Action item: In the records below, reproduce exactly the lines from the one containing "Компрессор подкачки колес" through the one containing "Καιρός: Σε Red", both included, and omit the pictures.

Entries shown:
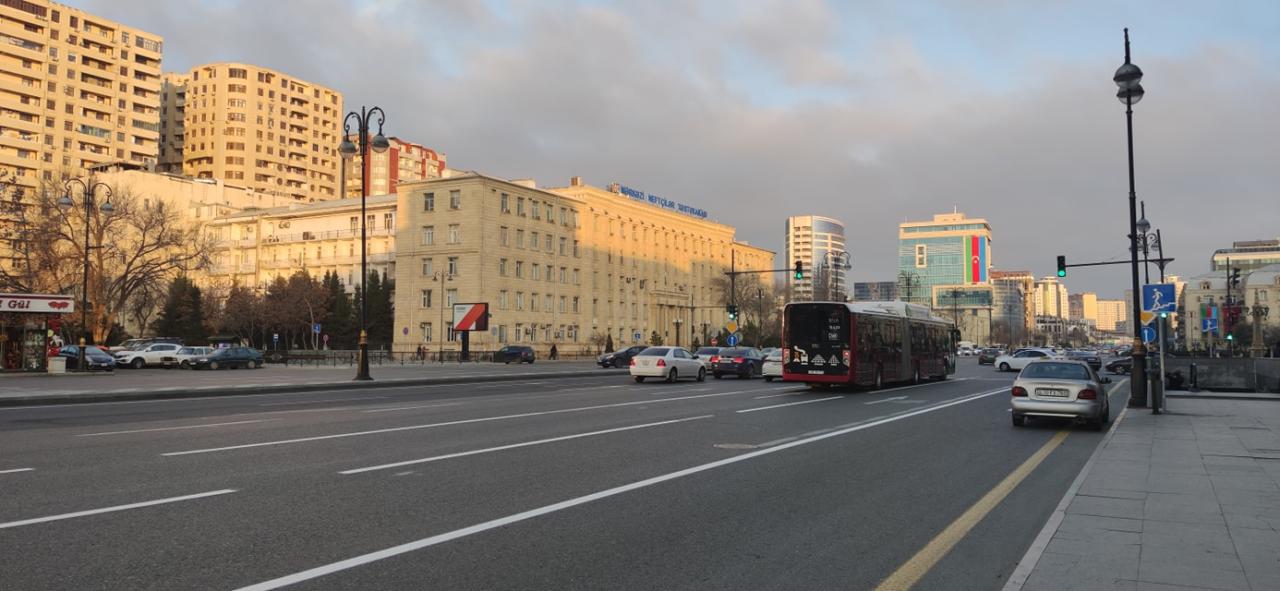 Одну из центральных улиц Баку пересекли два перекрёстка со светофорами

--

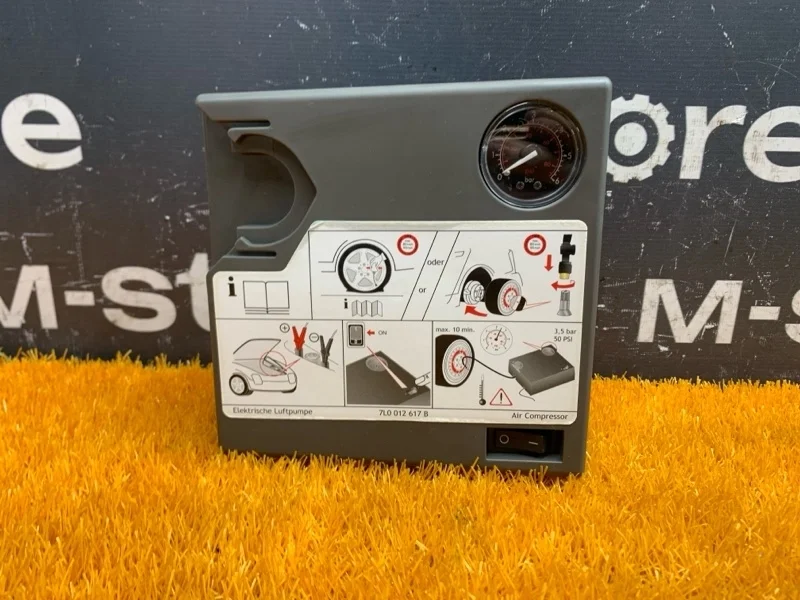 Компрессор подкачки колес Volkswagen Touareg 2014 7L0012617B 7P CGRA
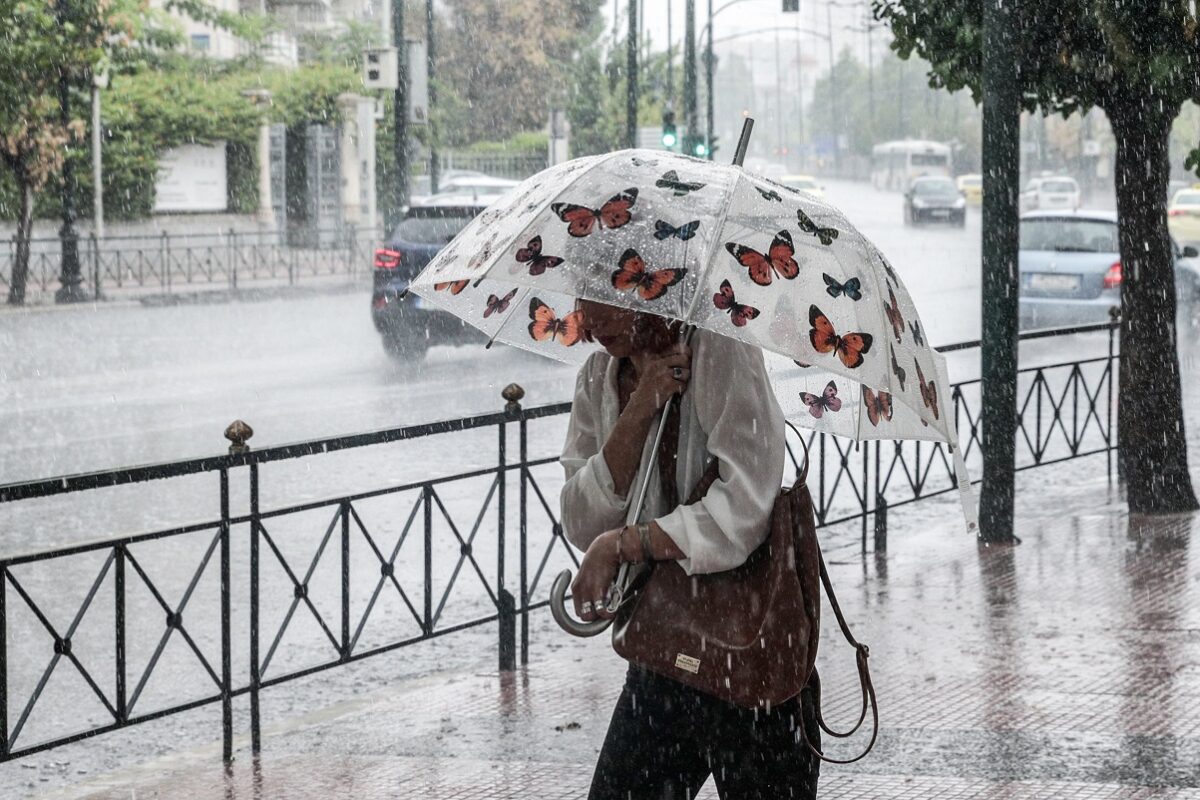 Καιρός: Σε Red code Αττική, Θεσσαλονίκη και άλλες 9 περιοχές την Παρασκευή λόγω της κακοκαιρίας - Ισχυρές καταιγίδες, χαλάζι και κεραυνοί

--

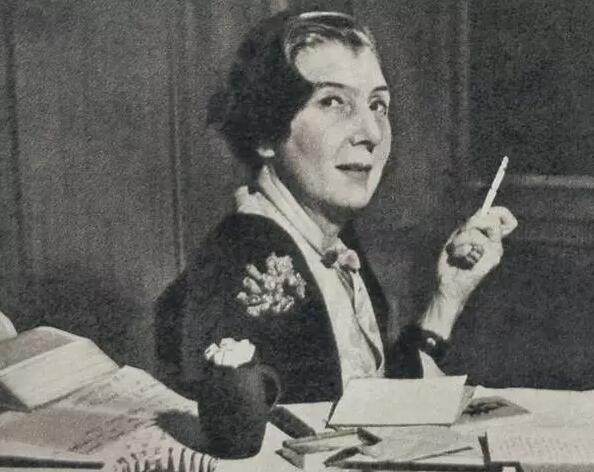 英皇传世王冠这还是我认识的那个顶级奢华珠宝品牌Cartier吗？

Response area:
 Компрессор подкачки колес Volkswagen Touareg 2014 7L0012617B 7P CGRA
 Καιρός: Σε Red code Αττική, Θεσσαλονίκη και άλλες 9 περιοχές την Παρασκευή λόγω της κακοκαιρίας - Ισχυρές καταιγίδες, χαλάζι και κεραυνοί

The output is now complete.